* **Assignment**:
Somewhere below is a line with "关于食品安全的小知识插图4" and, later, a line with "스테이화암리 | 강원도"; repeat those two lines and all the lines between them, exactly as they are.

* **Input data**:
※ ※ ※
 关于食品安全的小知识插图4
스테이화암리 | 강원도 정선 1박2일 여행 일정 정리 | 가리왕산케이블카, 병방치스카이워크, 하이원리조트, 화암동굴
※ ※ ※
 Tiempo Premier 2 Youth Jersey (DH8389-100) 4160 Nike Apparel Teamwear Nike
※ ※ ※
* **Task solution**:
 关于食品安全的小知识插图4
스테이화암리 | 강원도 정선 1박2일 여행 일정 정리 | 가리왕산케이블카, 병방치스카이워크, 하이원리조트, 화암동굴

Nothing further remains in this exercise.